Over the weekend my sister and I got into a long
conversation about acceptance and understanding of the people we love.  What was really interesting about this
conversation though was how she views herself amidst our family dynamic.  Somehow it can be really easy to see those
around us, but we miss the boat when it comes to seeing ourselves clearly.  I wonder why that is?  I mean, we spend way more time with our own
thoughts and following our own path than we do with others.  Even the saying “You can’t really know a man
unless you’ve walked a mile in his shoes” leads us to believe that we should be
experts on our own lives, but in fact it couldn’t be farther from the truth in
some cases.  
I spend a lot of time thinking about my own
shortcomings.  Not so say that I spend a
lot of time feeling sad, or putting myself down, but in reflecting on how my
actions affect those around me.  I guess
depending on how you look at it, it can be both a blessing and a curse.  The way I see it though, if there is room for
growth, I want to be the first to know about it!  Much like the rest of the world…  I have about a million and one things that I
can be better at, so the biggest challenge is always deciding what is most
important to the most important people in my world and how does that impact my
own personal goals and feelings.  Don’t
get me wrong… I am not out to change myself so that everyone around me has an
easier go of it, but yet to be the best version of myself to make me feel good
about what I am giving to the world each and every day.  
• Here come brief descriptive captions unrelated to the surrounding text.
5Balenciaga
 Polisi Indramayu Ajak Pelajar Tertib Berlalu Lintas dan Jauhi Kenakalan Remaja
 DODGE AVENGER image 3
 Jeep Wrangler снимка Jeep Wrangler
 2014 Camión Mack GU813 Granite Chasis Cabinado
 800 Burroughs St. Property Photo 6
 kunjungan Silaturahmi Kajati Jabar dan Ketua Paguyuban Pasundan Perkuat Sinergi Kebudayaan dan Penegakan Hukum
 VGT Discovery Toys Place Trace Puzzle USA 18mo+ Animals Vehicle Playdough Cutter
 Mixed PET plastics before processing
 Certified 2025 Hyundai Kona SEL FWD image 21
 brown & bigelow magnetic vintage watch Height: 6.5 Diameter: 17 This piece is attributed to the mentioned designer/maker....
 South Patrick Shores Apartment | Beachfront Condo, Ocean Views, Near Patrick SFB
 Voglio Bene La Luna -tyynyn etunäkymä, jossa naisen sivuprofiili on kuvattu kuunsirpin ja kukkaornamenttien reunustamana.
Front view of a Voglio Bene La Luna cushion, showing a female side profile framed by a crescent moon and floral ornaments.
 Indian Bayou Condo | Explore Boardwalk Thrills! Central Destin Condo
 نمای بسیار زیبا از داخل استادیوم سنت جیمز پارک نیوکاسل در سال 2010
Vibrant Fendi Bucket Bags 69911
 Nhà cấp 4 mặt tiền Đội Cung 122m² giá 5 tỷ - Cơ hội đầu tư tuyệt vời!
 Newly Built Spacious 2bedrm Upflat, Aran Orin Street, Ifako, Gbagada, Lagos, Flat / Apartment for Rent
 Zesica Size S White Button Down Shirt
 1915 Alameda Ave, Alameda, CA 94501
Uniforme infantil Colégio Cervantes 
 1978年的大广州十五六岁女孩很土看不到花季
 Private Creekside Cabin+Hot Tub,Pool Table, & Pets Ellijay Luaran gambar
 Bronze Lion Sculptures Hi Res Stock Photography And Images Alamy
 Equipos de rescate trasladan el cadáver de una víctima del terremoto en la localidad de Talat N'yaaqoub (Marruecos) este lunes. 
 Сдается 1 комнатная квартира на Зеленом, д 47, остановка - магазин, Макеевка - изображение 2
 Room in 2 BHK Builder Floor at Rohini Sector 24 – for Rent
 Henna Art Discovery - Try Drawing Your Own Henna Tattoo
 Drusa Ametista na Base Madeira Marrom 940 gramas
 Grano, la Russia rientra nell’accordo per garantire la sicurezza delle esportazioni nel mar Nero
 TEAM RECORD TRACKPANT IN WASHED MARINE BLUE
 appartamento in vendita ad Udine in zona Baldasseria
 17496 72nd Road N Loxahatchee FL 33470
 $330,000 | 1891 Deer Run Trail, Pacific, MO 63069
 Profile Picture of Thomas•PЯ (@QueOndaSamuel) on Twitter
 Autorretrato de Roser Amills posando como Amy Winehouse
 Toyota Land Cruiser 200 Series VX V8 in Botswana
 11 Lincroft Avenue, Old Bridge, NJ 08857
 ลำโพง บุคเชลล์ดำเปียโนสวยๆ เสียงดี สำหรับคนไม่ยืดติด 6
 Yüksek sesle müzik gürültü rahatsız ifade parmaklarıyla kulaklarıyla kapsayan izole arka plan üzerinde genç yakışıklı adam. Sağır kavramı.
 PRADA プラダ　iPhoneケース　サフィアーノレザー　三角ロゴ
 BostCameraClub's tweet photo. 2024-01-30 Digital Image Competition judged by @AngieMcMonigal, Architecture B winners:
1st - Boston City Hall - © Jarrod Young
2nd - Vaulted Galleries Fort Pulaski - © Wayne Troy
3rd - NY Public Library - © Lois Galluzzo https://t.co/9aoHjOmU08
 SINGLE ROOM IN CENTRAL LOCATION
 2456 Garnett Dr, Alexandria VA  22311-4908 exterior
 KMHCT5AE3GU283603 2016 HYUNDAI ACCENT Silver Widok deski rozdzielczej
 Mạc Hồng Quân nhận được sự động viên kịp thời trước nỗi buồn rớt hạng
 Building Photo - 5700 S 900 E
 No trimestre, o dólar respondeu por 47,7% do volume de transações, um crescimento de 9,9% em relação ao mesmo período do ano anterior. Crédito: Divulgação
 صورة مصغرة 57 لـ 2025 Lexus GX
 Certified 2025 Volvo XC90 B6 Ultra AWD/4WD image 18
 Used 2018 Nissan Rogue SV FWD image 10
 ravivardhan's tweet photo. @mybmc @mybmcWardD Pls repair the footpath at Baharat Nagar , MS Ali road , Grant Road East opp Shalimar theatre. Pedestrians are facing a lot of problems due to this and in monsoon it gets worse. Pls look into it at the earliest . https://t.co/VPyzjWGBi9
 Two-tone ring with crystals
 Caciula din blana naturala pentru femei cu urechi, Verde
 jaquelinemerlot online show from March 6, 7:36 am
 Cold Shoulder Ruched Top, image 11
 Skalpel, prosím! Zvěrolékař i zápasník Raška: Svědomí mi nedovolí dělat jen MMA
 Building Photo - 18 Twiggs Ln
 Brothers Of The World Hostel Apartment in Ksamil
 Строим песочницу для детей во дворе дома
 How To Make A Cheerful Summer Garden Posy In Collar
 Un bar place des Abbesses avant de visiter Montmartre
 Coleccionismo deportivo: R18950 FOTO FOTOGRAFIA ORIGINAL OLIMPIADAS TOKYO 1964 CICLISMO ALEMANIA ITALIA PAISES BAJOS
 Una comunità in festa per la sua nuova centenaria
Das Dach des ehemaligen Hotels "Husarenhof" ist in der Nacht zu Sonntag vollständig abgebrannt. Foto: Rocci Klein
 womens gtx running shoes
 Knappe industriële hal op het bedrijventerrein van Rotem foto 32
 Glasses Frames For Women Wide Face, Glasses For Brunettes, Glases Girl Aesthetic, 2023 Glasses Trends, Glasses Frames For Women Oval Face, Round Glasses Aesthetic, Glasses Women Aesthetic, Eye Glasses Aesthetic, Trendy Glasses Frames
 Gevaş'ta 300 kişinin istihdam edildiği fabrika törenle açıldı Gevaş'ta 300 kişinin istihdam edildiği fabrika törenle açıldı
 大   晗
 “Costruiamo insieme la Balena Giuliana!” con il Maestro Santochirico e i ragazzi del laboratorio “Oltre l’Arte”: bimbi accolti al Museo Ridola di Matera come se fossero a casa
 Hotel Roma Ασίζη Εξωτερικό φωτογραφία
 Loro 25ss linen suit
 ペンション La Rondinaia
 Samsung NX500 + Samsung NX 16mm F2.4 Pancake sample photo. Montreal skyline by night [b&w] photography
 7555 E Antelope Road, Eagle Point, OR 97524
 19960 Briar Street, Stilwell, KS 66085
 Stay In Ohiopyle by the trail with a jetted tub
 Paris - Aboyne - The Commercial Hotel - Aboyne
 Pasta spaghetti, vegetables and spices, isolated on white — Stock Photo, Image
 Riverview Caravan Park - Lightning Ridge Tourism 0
I found a poem when I was in middle school that I loved so
much I put it on a piece of paper and tucked it away in my jewelry box.  I come across it every now and again still and
am always amazed at how it continues to be extremely relevant to my life.  I may have been a chunky, dorky 13 year old
kid, but at least I had a little bit of sense! 
Here is a link to the poem as I remember it for you to enjoy.  The Man in the Glass.
Anyhow, back to my sister…  
We were musing over our youngest brother and his spur of the moment two
week trip to Europe.  Somehow my sister
had decided for herself that she is the least daring of us three kids.  And fair enough, she is seeing it through her
own eyes with her own experiences, but the reality of the bigger picture is
that she is the biggest risk taker of us all. 
When I explained this to her and laid out the reasoning behind my feelings
she had an Ah Ha moment, and in true fashion for my sister (those of you who
know her will understand what I mean) she said “Wow, I’ve got balls!  I never knew that about myself.  You should blog about that…. It can be
called, My Sister has Balls!”  Well, here
we are…   ha ha
I think it is important to take the time to get to know
ourselves.  If we can’t come to terms
with ourselves, with our own minds and what makes us tick then we can’t begin
to understand and relate to the people around us.  When something causes you stress or
frustration in your daily routine, or as you interact with friends, family,
co-workers, etc. try to figure out what might be at the root of your feelings.  Often times I even surprise myself when I do
this as our minds are not always as rational as we want them to be.  On a regular basis I have to challenge
myself.  If you were a fly on the wall
inside of my head you’d hear me asking myself over and over again…  Is it me? 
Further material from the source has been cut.